Extraction and Purification of Phage Genomic DNA

φOH3 genomic DNA was obtained from its host cells using a Cica Geneus Plasmid Prep Kit (KANTO CHEMICAL, Japan) with continuous extraction every 10 min after infection. Extracted DNA samples were separated using 0.8% agarose gel electrophoresis, and then ssDNA and RF DNA were visualized using acridine orange staining (Mayor and Hill, 1961; McMaster and Carmichael, 1977). Determination of the copy number of ssDNA and RF DNA within the φOH3 genome was done using ImageJ ver 1.48 ( by comparing the intensities of their fluorescent signals. The peak areas of both the ssDNA and RF signal were quantified and used to calculate the copy number. To purify RF DNA, the plasmid-like genomes were isolated from 5-ml samples of T. thermophilus HB8 after cultivation for 80 min. The φOH3 genomic DNA was then separated on 1.0% agarose gels, and the bands corresponding to the RF DNA were excised and purified using a MinElute Gel Extraction Kit (QIAGEN GmbH, Germany).

Genome Characterization

RF DNA was digested using Hind III, Kpn I, or Pst I, after which the resultant φOH3 RF fragments were inserted into separate pUC18 vectors. Each recombinant plasmid was then used to transform E. coli DH5α competent cells. Nucleotide sequencing of the plasmids was accomplished through primer walking using a BigDye Terminator v3.1 Cycle Sequencing Kit (Life Technologies, CA, USA).
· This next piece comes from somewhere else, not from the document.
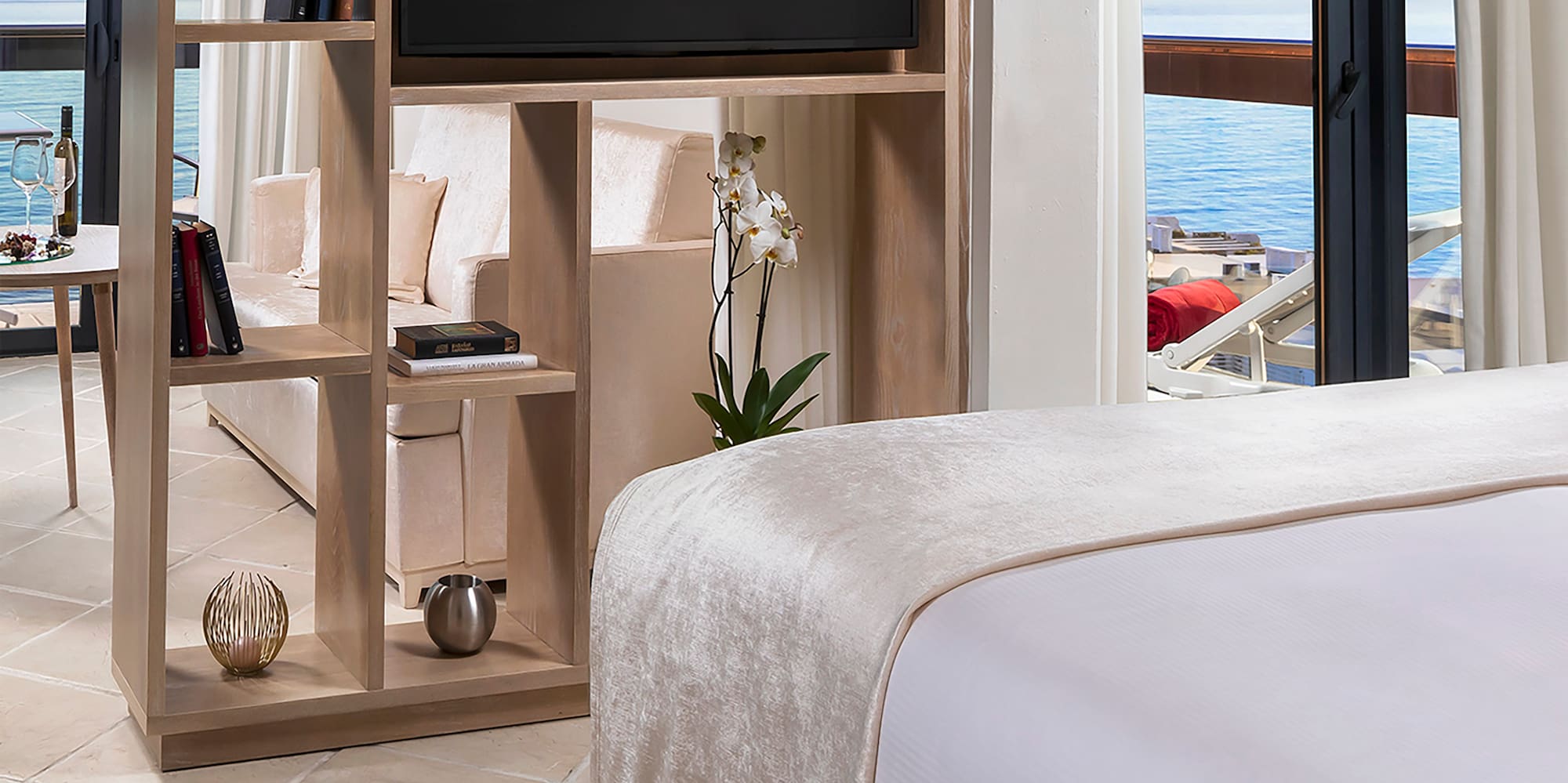 a room with a television and a bed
Sequences were determined using an Applied Biosysytems Gene Analyzer 3130xl (Life Technologies). The sequence of the φOH3 genome was also obtained by pyrosequencing performed with a 454 Genome Sequencer FLX system (Roche, Schweiz) as described previously (Doi et al., 2013). Open reading frames (ORFs) were predicted using a combination of MiGAP and GENETYX ver. 15 (GENETYX, Japan). Translated ORFs were analyzed through blastp, PsiBlast, rpsblast, and hhpred searches.

DNA Blot Analysis

To confirm that ORFs were located on the plus strand, DNA blot analysis was carried out as described by Liu et al. (2012). Non-denatured DNA samples were separated on a 1.0% agarose gel and then transferred to a nylon membrane (Amersham Hybond-N+; GE Healthcare, UK) through capillary action. The probes corresponding to each strand of RF DNA in the blotting experiments were prepared using DIG Northern Starter Kit (Roche). The DNA probe used in the Southern blotting experiments was a 294-bp DNA fragment derived from ORF2, which was prepared by PCR. The primer set used for the PCR was derived from the coding region of ORF2 and is as follows: orf2-f (5′-ATGAAGGTTTTGGTTCTAGGAGT-3′) and orf2-r (5′-TCACGCCTTGACCTCCT-3′). The amplified ORF2 gene was inserted into the pTA2 vector (TOYOBO, Japan), and the resultant plasmid was digested with Hind III or Pst I, after which the linearized plasmid served as the template for RNA transcription catalyzed using T3 or T7 RNA polymerase. Hybridization of each RNA product, RNA probe-1and -2, to the phage DNA and detection were carried out according to the manufacturer's instructions.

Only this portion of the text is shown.